Task brief: Print the line containing "Louis Vuitton Damier" and all lines after it to the end of the records below, exactly as written. No pictures.

=== Begin Enclosure ===

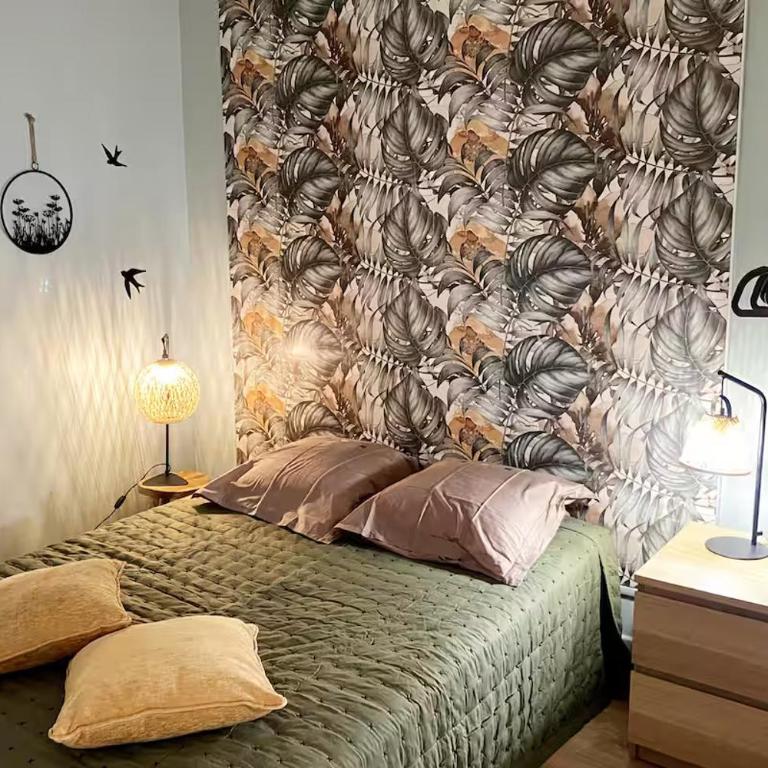 Écrin Vitré en Plein Toulouse - Appartamento con 1 Camera da Letto - 7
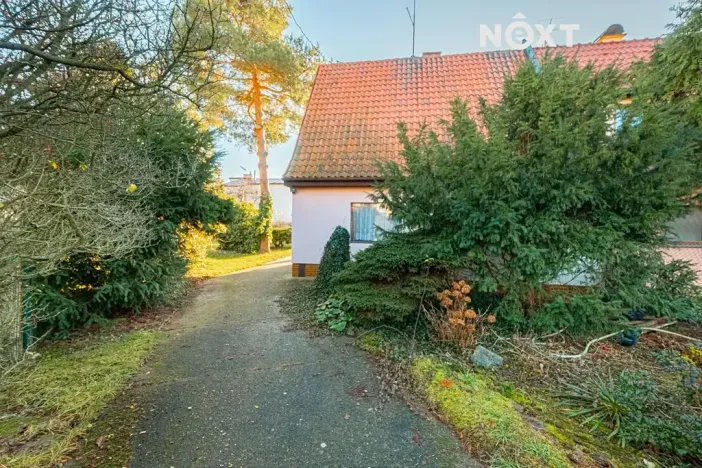 Prodej rodinného domu, Pardubice, 128 m2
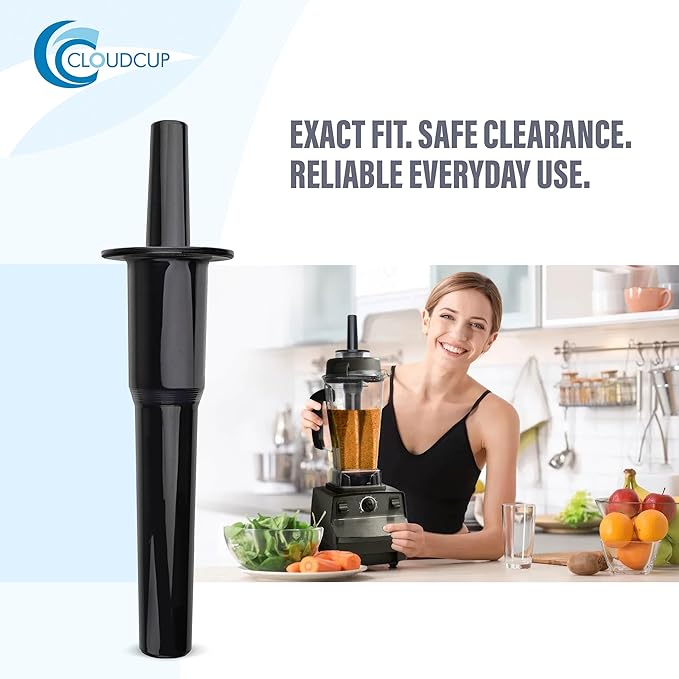 Empujador de repuesto para licuadora Vitamix 64 oz miniatura 9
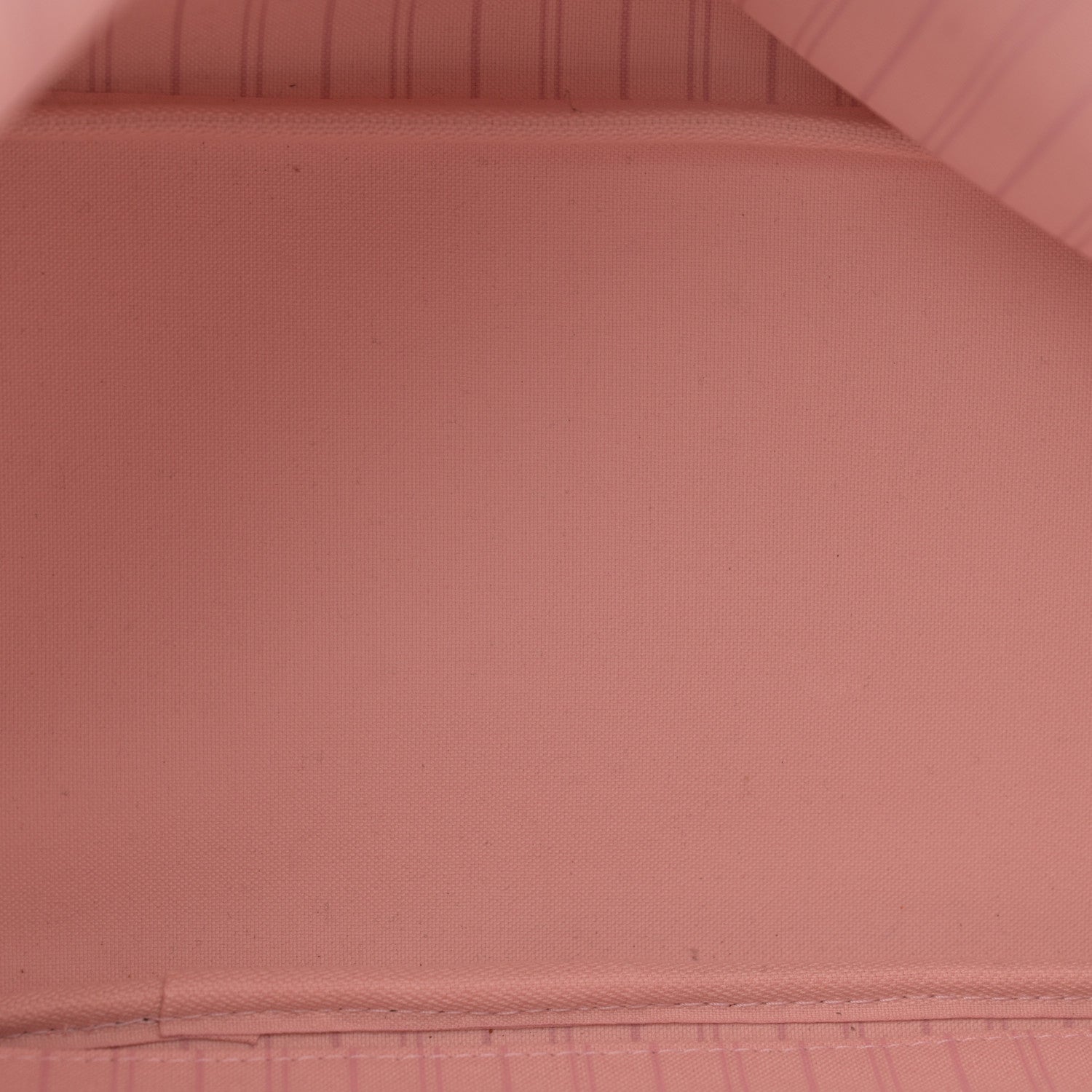 Louis Vuitton Damier Ebene Neo Neverfull MM Rose Ballerine 6 of 10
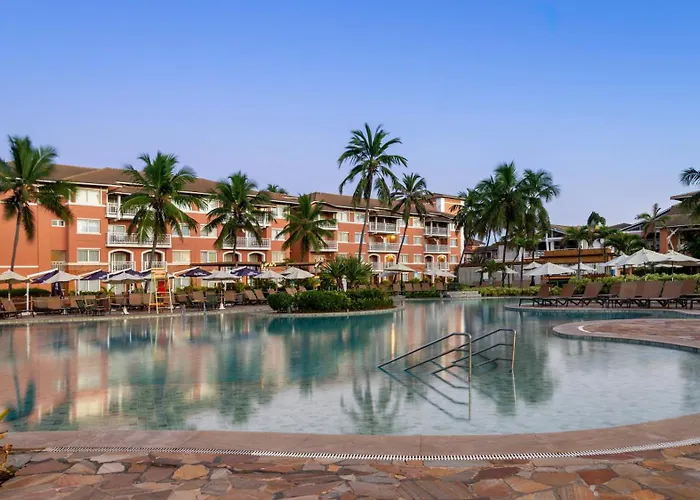 Sauipe Brisa Grand Premium All Inclusive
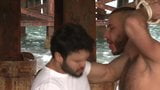 Jean franko e jonathan agassi snapshot 5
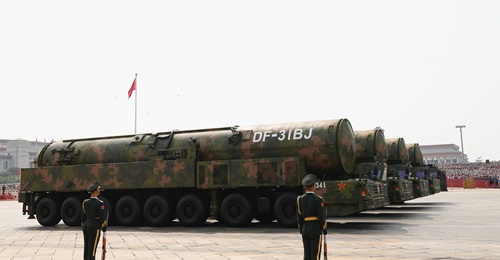 DF-31BJ
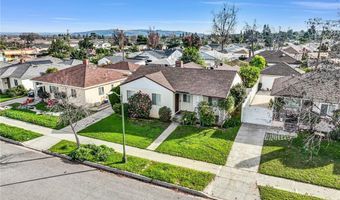 1404 Violeta, Alhambra, CA 91801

=== End Enclosure ===

Reply:
 Louis Vuitton Damier Ebene Neo Neverfull MM Rose Ballerine 6 of 10
 Sauipe Brisa Grand Premium All Inclusive
 Jean franko e jonathan agassi snapshot 5
 DF-31BJ
 1404 Violeta, Alhambra, CA 91801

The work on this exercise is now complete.